Seth Shostak, an astronomer at the SETI (Search for Extraterrestrial Intelligence) Institute in Mountain View, Calif., has been involved in astrobiology research for years. He says it’s difficult to grasp the diversity of life because Earth can support so many different types.

“Earth is prime real estate, but most things in the universe probably live in subprime,” he says.

Discoveries like Roy’s, he says, are a “shot in the arm for astronomers looking for life in other places.” In other words, the discovery of life in surprising places gives scientists hope of finding it in the most unusual places of all: other planets.
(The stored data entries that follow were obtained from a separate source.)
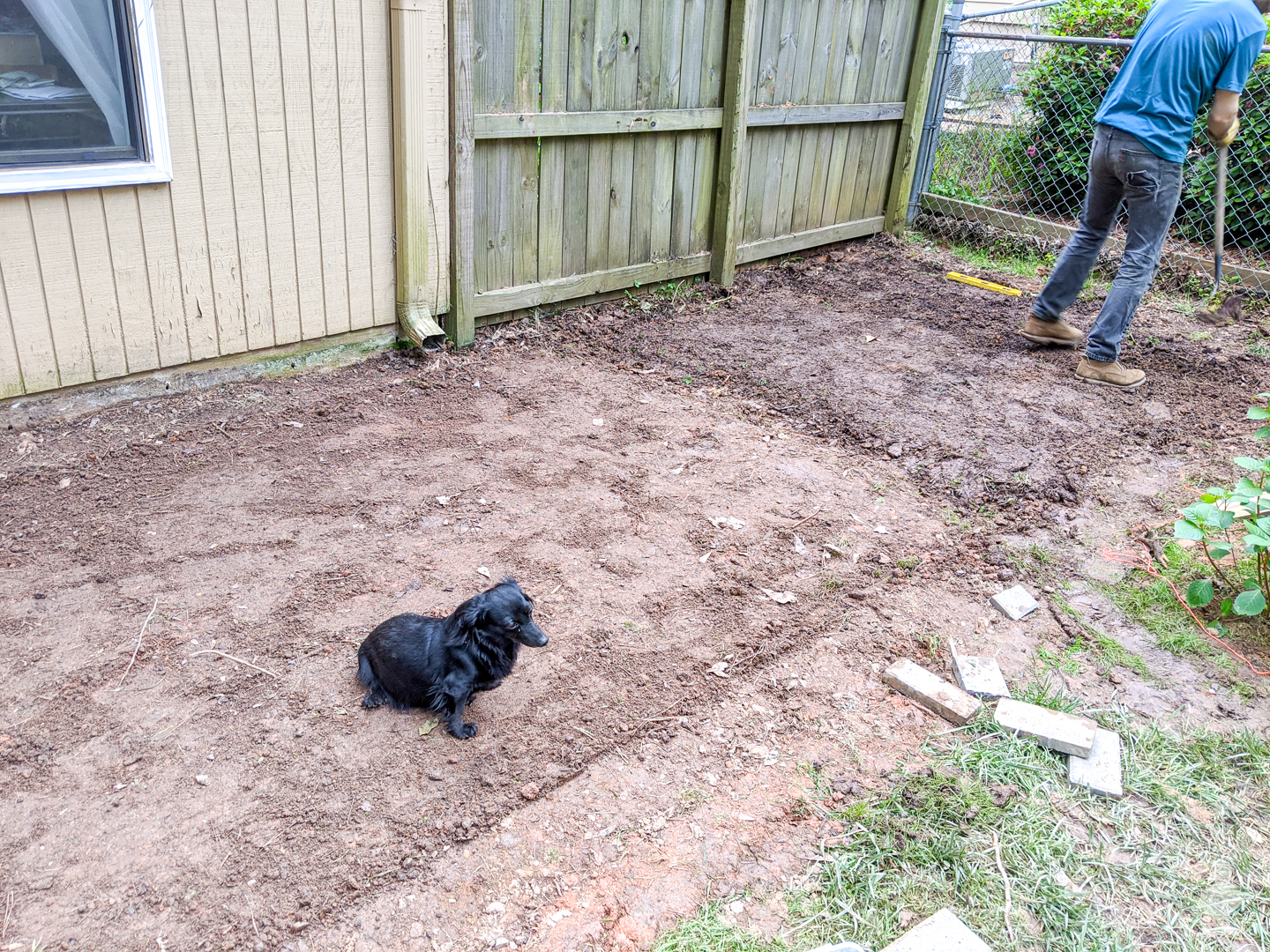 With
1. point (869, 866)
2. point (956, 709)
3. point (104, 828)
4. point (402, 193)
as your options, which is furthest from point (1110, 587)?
point (402, 193)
Mars is one of the stronger candidates. In the past, the Red Planet probably hosted liquid water, active volcanoes — and maybe even life. Perhaps it still does. Or maybe life will be found on one of Jupiter’s moons, such as Europa, which may hide vast oceans beneath its icy surface. Or perhaps microbes hide out in the giant lakes at the poles of Titan, Saturn’s largest moon. There they might feast on the element hydrogen. Some scientists even suspect bacteria might live on comets.

This is Titan, Saturn’s largest moon. Some scientists think it’s a good place to search for extraterrestrial life that could resemble long-lived microbes beneath the seafloor. Cassini Imaging Team, SSI, JPL, ESA, NASA

Biologists haven’t yet found life on other planets. But if and when scientists do, it probably won’t walk on two legs, be able to talk — or even move.

“If we find life on other planets, it will probably be microbial,” says Lloyd. Yes, germy. “And I want to be there for it.”

Power Words

bacterium (also microbe, microorganism, germ) plural bacteria. A single-celled organism that’s invisible to the naked eye. A bacterium has a cell wall but lacks an organized nucleus, or center. 

sediment Matter that settles to the bottom of a liquid, such as the silt that settles to the seafloor.

hydrothermal vent An opening in the seafloor out of which heated, mineral-rich water flows.

astrobiology The study of life everywhere in the universe, including on Earth and in space. 

biology The study of life.

estuary The mouth of a large river, where it empties into the ocean and freshwater and saltwater mix.